Exercise goal:
Retype the listing below line for line, but only from the line with "The end result" down to the line with "Next let's go", inclusive. Pictures stay out.

Extracted data:
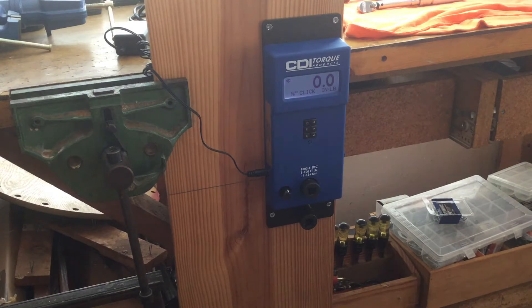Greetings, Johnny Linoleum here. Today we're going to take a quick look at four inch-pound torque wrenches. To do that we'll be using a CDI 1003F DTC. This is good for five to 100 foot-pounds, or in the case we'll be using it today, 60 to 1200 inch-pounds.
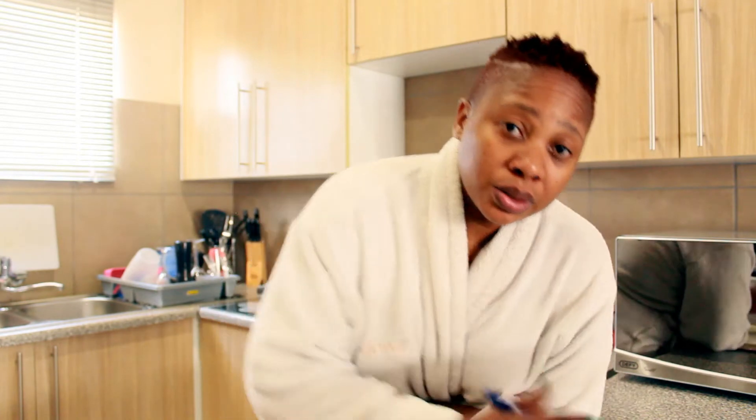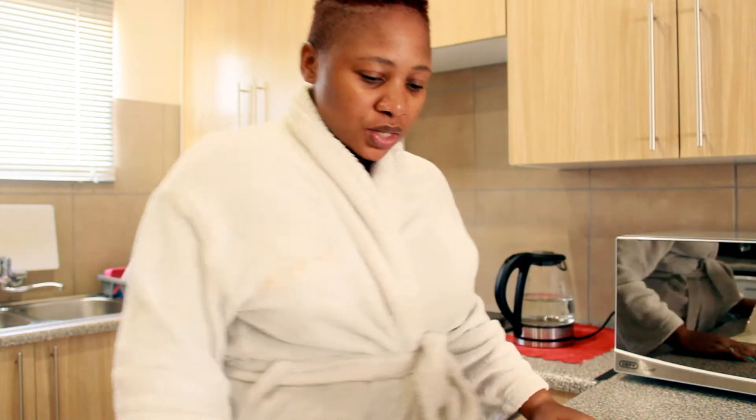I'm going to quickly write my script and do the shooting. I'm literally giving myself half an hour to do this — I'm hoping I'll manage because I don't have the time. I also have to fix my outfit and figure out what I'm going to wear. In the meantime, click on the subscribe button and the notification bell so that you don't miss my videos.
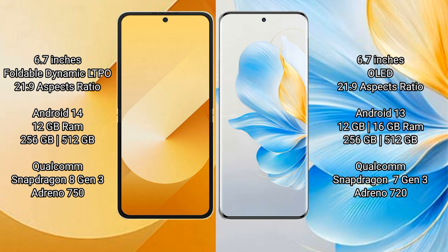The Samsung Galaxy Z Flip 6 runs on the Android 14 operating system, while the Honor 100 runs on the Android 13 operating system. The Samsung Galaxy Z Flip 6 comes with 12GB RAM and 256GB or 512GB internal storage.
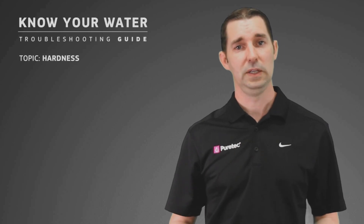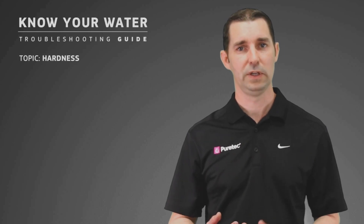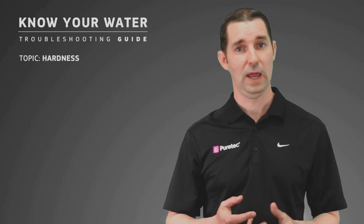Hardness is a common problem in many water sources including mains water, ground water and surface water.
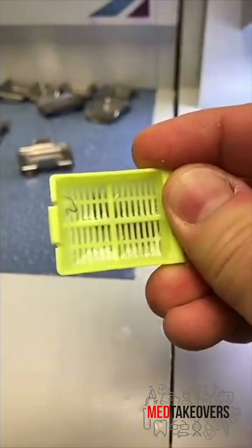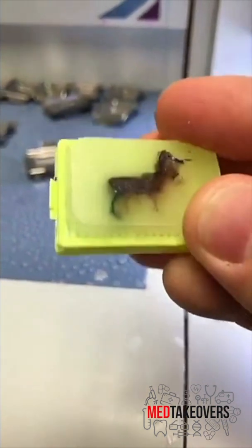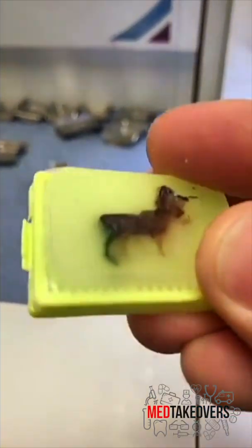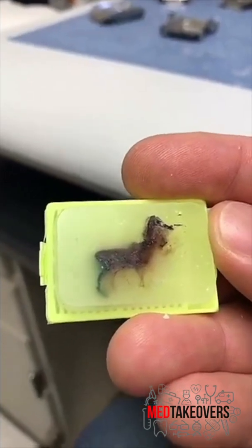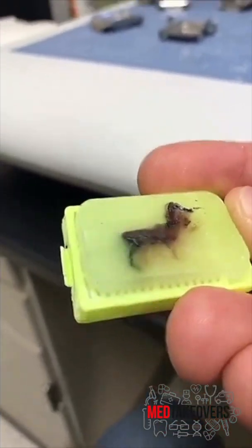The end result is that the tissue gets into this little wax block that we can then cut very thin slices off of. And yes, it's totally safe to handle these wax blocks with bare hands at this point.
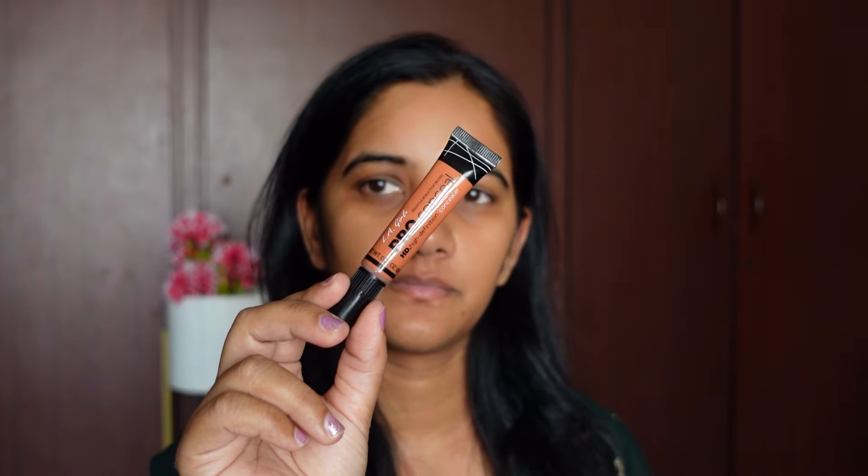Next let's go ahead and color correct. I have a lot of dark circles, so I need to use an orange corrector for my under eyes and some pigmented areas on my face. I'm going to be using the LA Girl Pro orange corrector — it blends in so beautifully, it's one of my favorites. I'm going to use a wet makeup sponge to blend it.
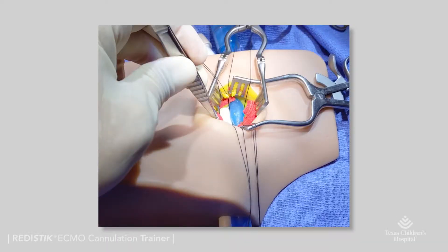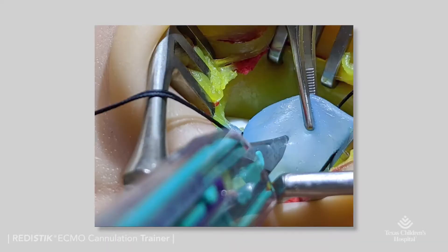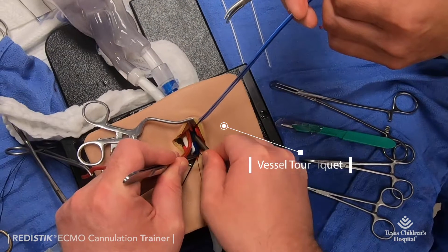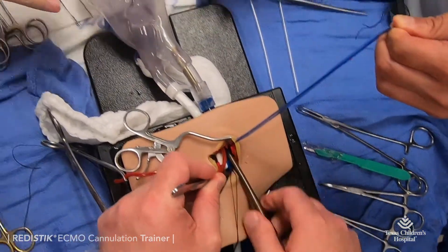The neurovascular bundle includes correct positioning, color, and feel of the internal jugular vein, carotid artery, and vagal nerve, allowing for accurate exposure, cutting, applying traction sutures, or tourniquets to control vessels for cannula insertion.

Solution to the problem:
The end result is that the tissue gets into this little wax block that we can then cut very thin slices off of. And yes, it's totally safe to handle these wax blocks with bare hands at this point.
Next let's go ahead and color correct. I have a lot of dark circles, so I need to use an orange corrector for my under eyes and some pigmented areas on my face. I'm going to be using the LA Girl Pro orange corrector — it blends in so beautifully, it's one of my favorites. I'm going to use a wet makeup sponge to blend it.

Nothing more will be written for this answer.